The final step in converting pre-mRNA into mature mRNA involves splicing, or removal of the introns and joining of the exons. In order for splicing to occur, certain nucleotide sequences must also be present. The 5 end of an intronal most always contains a 5′-GU-3′ sequence, and the 3′ end contains a 5′-AG-3′ sequence. The AG sequence is preceded by a polypyrimidine tract—a pyrimidine-rich sequence. Further upstream there is a sequence called a branchpoint sequence, which is 5′-CU(A/G)A(C/U)-3′ in vertebrates. The splice sites as well as the conserved sequences related to intron splicing are shown in figure 1.7.

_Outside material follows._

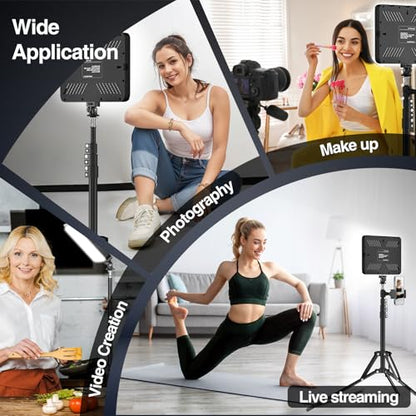 LED Video Light Kit, 2800-7000K Dimmable Studio Lighting with Tripod Stand & Phone Holder, 73” Adjustable Height for Video Recording, Live Streaming, YouTube, Photography，2-Pack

The actual splicing reaction consists of two steps. In the first step, the G at the 5 splice site is attacked by the 2′-hydroxyl group in the adenine (fourth base) in the branchpoint sequence, which creates a circular molecule called a lariat, thereby freeing the exon upstream of the intron. In the second step, the 3′ splice site is cleaved, which releases the lariat and joins the two exons. The released intron is then degraded. We should briefly mention at this point that in eukaryotes it is possible for a particular pre-mRNA to produce several types of mature mRNA by means of alternative splicing. In other words, certain exons can be removed by splicing and therefore are not retained in the mature mRNA product. These alternative mRNA forms ultimately give rise to different proteins. A good example of this is the fibronectin gene, which by means of alternative splicing can produce two different protein isoforms. One isoform of this protein is produced by fibroblasts (a connective tissue cell), whereas the other is secreted by hepatocytes (an epithelial liver cell). Two exons that are responsible for fibronectin adhering to cell surfaces are found in mRNA produced in fibroblasts, while in hepatocytes, they are spliced out. Consequently, the fibronectin produced by hepatocytes cannot adhere to cell surfaces and can easily be transported in the serum.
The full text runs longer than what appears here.